EVMs prompt red flags in US
While the Election Commission of India insists EVMs are secure and tamper-proof, alarm bells are ringing in the US and UK, where concerns are being raised on the integrity of EVMs
In a fresh demonstration in Las Vegas, hackers claimed that voting machines continue to be vulnerable. The manufacturers, meanwhile, told Wall Street Journal that while ‘experts’ could possibly break into the system, the machines are secure in “real election environment with proper physical controls”.
• On September 27, 2018, a 50-page report was released saying that the number and severity of the flaws in voting equipment in the US were found to be ‘staggering’.
• A ballot machine used in 23 states in the US, carries a cybersecurity flaw that was reported a decade ago, says a report in the BBC.
The organisers (Verifiedvoting.org) in a statement declared, “The findings are based on a project at the Voting Village at the Def Con hacking conference held in Las Vegas last month, where hackers were invited to attempt to break into voting machines and other equipment used in elections across the country.
The hacking group claims they were able to break into some voting machines in two minutes and that they had the ability to wirelessly reprogram an electronic card used by millions of Americans to activate a voting terminal to cast their ballot. “This vulnerability could be exploited to take over the voting machine on which they vote and cast as many votes as the voter wanted,” the group claims in the report.
Additionally, the group says they identified another flaw in the same machine that had been used in the 2016 election. The issue had initially been identified a decade ago, prompting the group to complain that even when issues are detected, they are not fixed. A spokesperson for the machine’s manufacturer, Election Systems & Software (ES&S), said that while the company is no longer manufacturing the machine in question, the M650, there are approximately 270 units actively in use in the U.S.
More than 30 voting machines and other pieces of equipment were made available to attendees of the conference, including the M650 electronic ballot scanner, which is currently used by 23 US states.

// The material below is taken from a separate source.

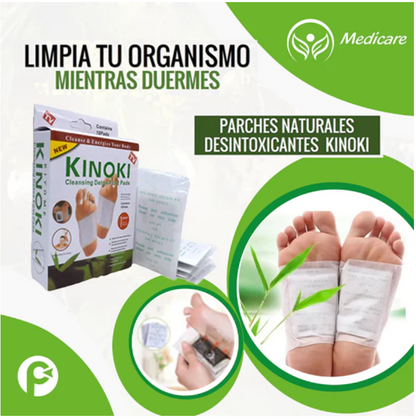 KINOKI™️ 10 Parches para pie desintoxicante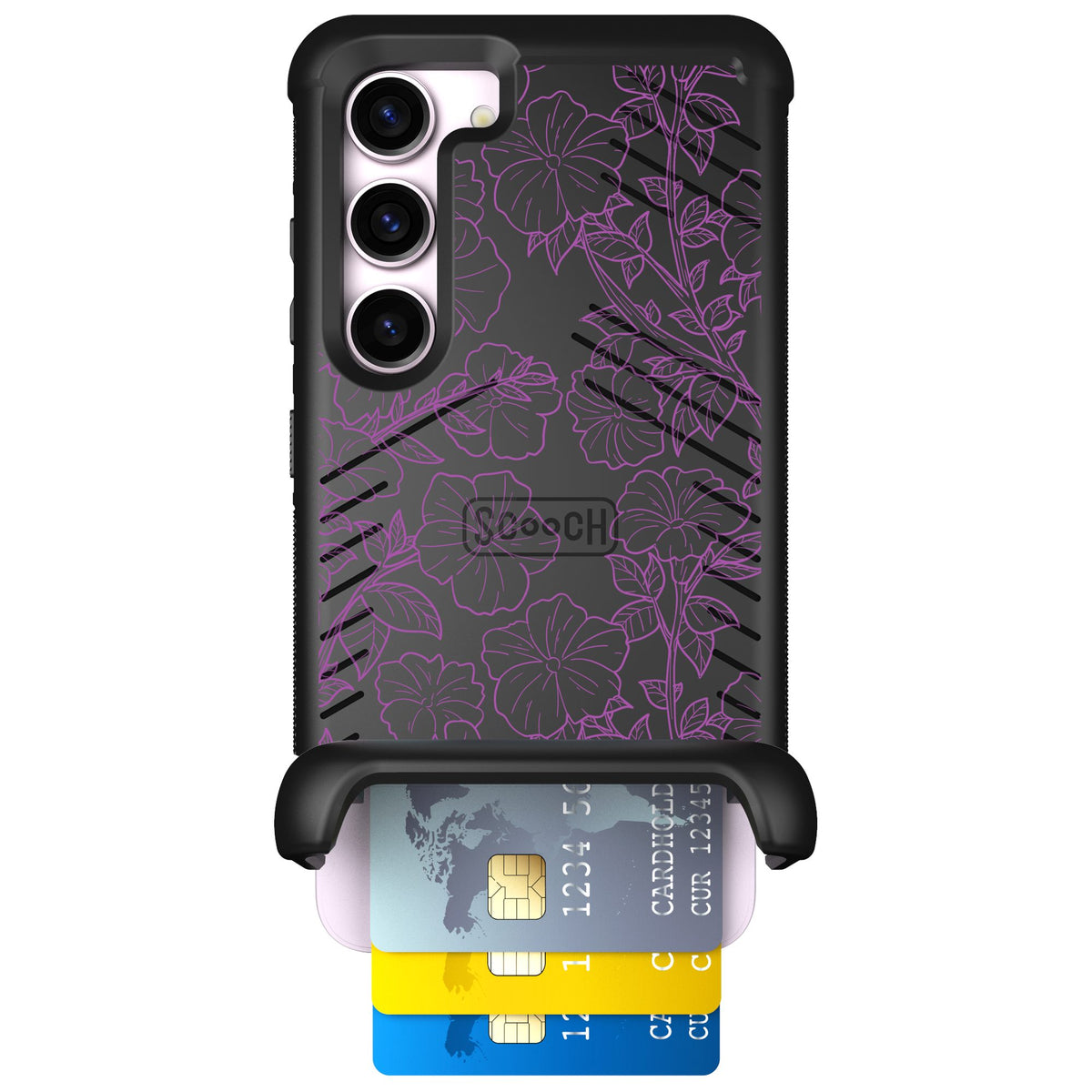 Scooch Wingmate Purple Petunias for Galaxy S23 — Case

“Other machines tested include the AccuVote TSx, currently used by 18 US states. The system includes a smart card reader for users to cast votes, which the report says can be easily disconnected to “disrupt the election” process,” stated a report in the BBC.
Attendees of the conference were also able to reprogramme voting smart cards wirelessly, using mobile phones.
“Over 15 years we have studied numerous election systems and voting machines across the world, and every single one has been found to have severe vulnerabilities,” Harri Hursti, one of the authors of the report, told the BBC.
A spokesperson for the UK’s Electoral Commission told the BBC: “Any change to the system of voting would require a pilot, which would be carried out by the Cabinet Office.”